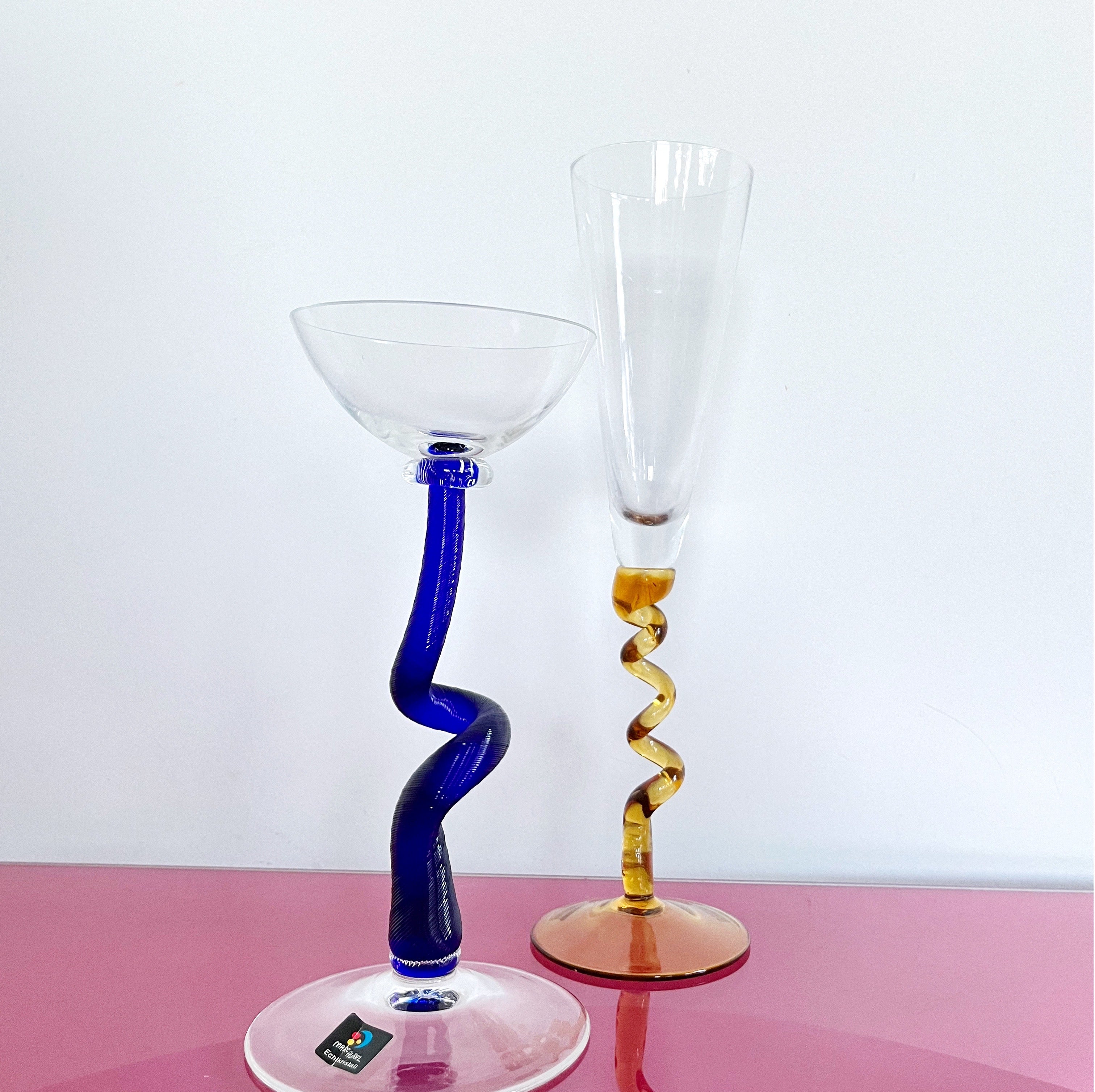 Duo de verres zig-zag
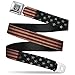 Buckle-Down Seatbelt Belt - Vintage US Flag Stretch - 1.5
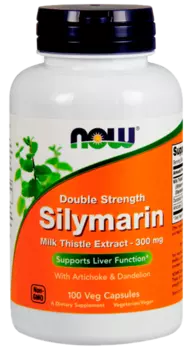 Силимарин для здоровья печени, 300 мг, 100 капсул, NOW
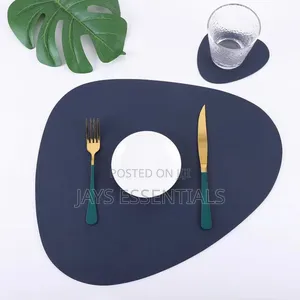 12pc Leather Table Mats Coasters Set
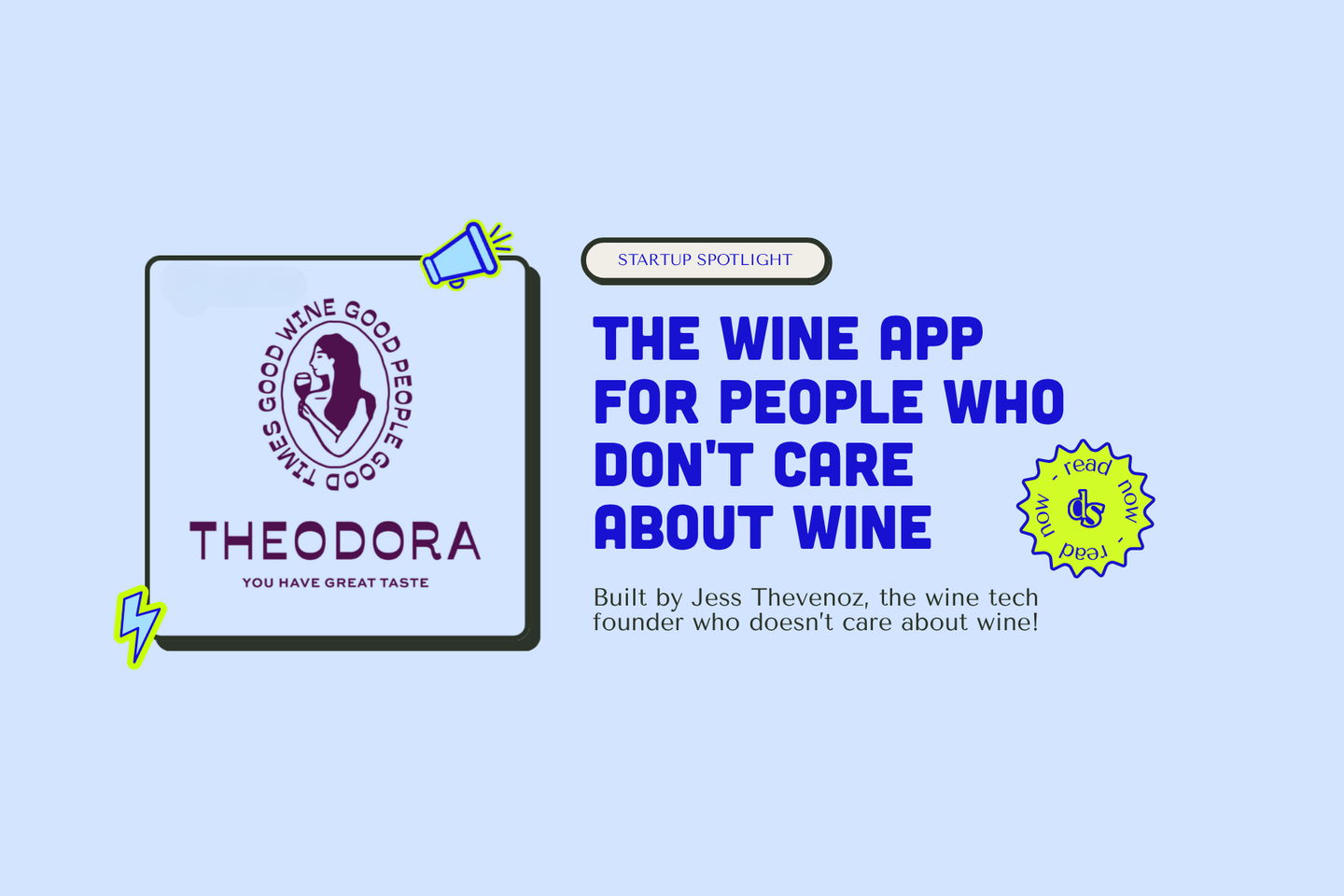 Theodora: The Wine App for People Who Don't Care About Wine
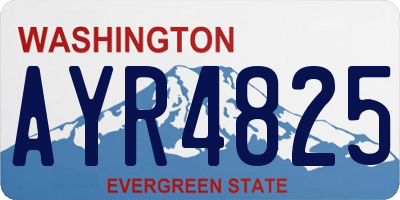 WA license plate AYR4825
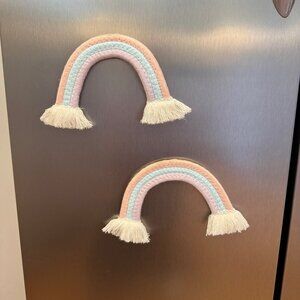 Set of 2 Large Fabric Rainbow Magnets
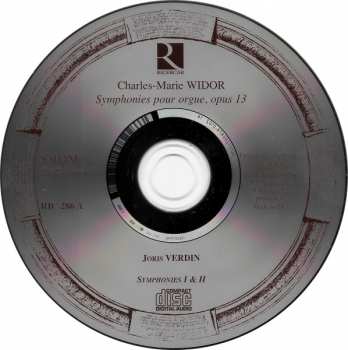 2CD Charles-Marie Widor: Symphonies Pour Orgue, Op. 13 329522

● ● ● ●

▶ _Task description_: The copy should hold exactly the lines from the line containing "Set of 2 Large Fabric Rainbow Magnets" through the end of the data, both ends included, and no pictures.

▶ _Answer_:
 Set of 2 Large Fabric Rainbow Magnets
 2CD Charles-Marie Widor: Symphonies Pour Orgue, Op. 13 329522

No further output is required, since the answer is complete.